And remember, we’re looking at an absolute difference of less than one percent in symptom reporting rates between the control group and intervention group. Ask yourself whether the biases listed above can explain that difference.
Is this bias theoretical or actual?
Okay, so there are a ton of ways that the survey could have injected bias into the study. But did it actually?
I shouldn’t even need to ask this question.

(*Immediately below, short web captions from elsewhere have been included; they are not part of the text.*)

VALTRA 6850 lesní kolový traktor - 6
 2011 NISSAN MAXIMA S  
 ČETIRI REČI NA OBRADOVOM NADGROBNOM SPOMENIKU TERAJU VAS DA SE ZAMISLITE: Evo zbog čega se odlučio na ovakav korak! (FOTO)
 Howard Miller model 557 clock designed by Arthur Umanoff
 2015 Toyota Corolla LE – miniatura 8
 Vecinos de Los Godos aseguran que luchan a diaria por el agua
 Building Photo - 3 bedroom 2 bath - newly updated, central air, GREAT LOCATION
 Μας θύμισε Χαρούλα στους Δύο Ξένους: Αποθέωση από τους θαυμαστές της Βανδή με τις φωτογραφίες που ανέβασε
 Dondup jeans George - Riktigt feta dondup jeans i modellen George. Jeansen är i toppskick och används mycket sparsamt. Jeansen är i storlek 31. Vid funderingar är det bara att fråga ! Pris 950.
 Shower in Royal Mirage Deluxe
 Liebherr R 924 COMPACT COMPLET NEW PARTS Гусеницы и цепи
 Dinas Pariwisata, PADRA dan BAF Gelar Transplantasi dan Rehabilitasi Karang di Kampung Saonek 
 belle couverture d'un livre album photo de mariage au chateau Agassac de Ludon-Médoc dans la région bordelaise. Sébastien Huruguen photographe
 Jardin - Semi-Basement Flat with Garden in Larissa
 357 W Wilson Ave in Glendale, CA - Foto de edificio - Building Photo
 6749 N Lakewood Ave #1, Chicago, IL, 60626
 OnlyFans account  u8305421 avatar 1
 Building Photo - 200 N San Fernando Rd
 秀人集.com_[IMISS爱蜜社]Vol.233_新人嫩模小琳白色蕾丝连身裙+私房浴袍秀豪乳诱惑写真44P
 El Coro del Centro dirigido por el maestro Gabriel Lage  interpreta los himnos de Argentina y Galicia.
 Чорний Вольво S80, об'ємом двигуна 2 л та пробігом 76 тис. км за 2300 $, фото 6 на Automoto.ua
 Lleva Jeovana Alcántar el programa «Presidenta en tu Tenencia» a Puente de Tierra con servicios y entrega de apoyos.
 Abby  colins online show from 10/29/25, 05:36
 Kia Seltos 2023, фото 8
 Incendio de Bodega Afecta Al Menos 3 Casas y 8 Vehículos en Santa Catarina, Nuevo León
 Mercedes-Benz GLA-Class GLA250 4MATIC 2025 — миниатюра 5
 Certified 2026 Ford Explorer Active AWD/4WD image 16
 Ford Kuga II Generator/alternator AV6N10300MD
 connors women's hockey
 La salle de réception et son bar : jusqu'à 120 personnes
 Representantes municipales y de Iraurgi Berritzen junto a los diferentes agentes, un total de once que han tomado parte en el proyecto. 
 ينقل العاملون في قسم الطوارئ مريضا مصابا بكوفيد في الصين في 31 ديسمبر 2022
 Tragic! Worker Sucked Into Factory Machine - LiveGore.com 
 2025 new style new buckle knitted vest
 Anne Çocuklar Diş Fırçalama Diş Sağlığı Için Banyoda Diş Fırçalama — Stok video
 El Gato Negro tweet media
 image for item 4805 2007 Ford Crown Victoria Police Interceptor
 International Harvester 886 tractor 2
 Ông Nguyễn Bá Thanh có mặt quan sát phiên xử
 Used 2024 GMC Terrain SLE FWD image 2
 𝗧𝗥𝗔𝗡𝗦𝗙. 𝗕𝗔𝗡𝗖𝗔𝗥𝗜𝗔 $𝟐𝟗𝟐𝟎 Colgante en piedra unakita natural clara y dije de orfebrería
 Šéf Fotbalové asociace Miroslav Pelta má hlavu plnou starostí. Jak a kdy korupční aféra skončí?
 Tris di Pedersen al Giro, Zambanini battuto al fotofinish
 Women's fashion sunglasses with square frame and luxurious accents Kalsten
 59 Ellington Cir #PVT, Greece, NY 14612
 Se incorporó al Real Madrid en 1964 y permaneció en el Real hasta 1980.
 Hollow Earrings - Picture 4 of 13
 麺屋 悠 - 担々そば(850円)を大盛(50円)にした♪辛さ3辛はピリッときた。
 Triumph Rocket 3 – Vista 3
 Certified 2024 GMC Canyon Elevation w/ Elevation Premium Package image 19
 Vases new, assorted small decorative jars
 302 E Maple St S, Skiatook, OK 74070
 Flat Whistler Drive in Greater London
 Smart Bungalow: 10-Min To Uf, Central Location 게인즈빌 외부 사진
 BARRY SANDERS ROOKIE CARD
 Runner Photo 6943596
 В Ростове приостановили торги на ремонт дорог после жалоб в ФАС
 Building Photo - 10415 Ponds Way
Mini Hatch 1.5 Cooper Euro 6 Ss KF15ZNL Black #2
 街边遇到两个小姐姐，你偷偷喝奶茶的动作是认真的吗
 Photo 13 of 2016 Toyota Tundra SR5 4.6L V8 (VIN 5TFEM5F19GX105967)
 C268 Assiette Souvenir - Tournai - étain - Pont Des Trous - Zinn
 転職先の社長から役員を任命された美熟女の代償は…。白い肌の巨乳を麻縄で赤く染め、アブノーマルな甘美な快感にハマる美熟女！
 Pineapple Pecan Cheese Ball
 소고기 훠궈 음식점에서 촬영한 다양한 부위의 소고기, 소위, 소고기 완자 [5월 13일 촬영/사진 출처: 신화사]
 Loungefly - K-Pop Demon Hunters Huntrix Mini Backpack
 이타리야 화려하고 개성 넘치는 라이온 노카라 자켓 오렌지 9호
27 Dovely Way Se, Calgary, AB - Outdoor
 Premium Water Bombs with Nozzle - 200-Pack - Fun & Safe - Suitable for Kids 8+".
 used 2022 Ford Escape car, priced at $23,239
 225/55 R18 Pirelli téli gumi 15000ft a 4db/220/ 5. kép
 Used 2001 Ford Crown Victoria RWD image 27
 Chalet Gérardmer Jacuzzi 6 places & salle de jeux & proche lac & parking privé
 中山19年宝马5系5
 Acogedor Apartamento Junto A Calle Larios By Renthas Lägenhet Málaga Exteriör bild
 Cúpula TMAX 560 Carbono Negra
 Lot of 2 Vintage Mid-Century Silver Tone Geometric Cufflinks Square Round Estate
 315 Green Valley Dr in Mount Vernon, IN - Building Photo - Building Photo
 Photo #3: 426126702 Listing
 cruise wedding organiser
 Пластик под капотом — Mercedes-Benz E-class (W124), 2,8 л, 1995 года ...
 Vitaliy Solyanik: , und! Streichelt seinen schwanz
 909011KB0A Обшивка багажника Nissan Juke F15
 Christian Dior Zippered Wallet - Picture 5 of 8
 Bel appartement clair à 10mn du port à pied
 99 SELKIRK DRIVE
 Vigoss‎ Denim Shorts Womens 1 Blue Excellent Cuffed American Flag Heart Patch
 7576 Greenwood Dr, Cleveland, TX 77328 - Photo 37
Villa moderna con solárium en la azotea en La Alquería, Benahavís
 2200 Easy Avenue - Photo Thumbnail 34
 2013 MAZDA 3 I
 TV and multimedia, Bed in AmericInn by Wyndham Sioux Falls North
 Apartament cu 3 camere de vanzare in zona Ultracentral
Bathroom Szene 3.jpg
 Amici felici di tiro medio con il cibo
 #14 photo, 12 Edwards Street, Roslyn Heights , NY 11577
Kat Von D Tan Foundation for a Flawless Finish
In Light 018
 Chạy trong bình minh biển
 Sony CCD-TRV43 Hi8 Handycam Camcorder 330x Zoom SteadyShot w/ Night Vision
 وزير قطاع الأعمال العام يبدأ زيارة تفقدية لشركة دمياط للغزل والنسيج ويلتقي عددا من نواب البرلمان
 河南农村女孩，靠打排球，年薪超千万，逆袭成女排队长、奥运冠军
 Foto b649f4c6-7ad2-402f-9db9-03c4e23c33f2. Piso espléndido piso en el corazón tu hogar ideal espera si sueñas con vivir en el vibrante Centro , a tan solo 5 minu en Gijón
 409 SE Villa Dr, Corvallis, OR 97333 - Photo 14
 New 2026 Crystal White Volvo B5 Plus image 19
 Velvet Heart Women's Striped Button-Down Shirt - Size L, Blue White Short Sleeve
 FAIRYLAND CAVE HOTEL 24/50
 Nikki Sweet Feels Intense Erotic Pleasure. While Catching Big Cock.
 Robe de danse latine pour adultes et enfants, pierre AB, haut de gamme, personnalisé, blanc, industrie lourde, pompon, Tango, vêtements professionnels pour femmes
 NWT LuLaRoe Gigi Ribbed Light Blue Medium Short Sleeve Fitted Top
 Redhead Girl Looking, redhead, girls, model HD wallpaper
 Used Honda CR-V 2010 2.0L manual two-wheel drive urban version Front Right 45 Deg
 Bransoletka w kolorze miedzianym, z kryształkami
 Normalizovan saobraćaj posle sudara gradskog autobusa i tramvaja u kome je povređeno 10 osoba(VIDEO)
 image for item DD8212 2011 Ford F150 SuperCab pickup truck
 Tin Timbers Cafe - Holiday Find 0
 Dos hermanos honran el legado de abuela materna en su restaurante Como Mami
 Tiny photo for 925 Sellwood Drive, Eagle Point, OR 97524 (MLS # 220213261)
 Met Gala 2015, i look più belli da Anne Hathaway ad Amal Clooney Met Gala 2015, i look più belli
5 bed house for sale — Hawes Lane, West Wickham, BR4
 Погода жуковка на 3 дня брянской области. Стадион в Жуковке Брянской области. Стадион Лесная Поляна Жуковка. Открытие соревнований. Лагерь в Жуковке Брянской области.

The authors should already have discussed it at length in the paper and made an honest attempt to correct for it. Instead, all we get is two measly sentences in the “Study limitations” section that do not even come close to explaining the extent of the potential problem:
“[S]urvey respondents could have changed their likelihood of reporting symptoms in places where mask-wearing was more widespread. If respondents were more cognizant of symptoms in mask-wearing areas, this may bias us toward underestimating the impact of masks; if respondents in mask-wearing areas were less concerned with mild symptoms and thus were less likely to recall them, this might bias us toward overestimating the impact of masks.”
As long as I do need to ask this question, though, let me answer it as well: Based on the data, it sure looks like it did.
The survey medium shouldn’t have mattered, but it did
First, if the survey results really were reliable, then the intervention should be as effective whether you asked someone about their symptoms using a phone survey or an household survey. On the other hand, if the survey results were biased in the ways described above, then the intervention would appear more effective in the household surveys than in the phone surveys. The tendency to give the “correct” answer, the moral shame of admitting to having been sick, and the fear of being ostracized are all higher when the researcher is actually at your doorstep. So is the ability for that researcher to consciously or unconsciously influence the survey to get the answers they want.
Here is a graph demonstrating the comparison. Each blue (respectively, orange) bar represents the proportion of individuals in the control group (respectively, the intervention group) who had “WHO-defined COVID-19 symptoms” according to one particular type of survey. For example, the leftmost orange bar indicates that about 3.5% of individuals in the intervention group reported symptoms in a phone survey.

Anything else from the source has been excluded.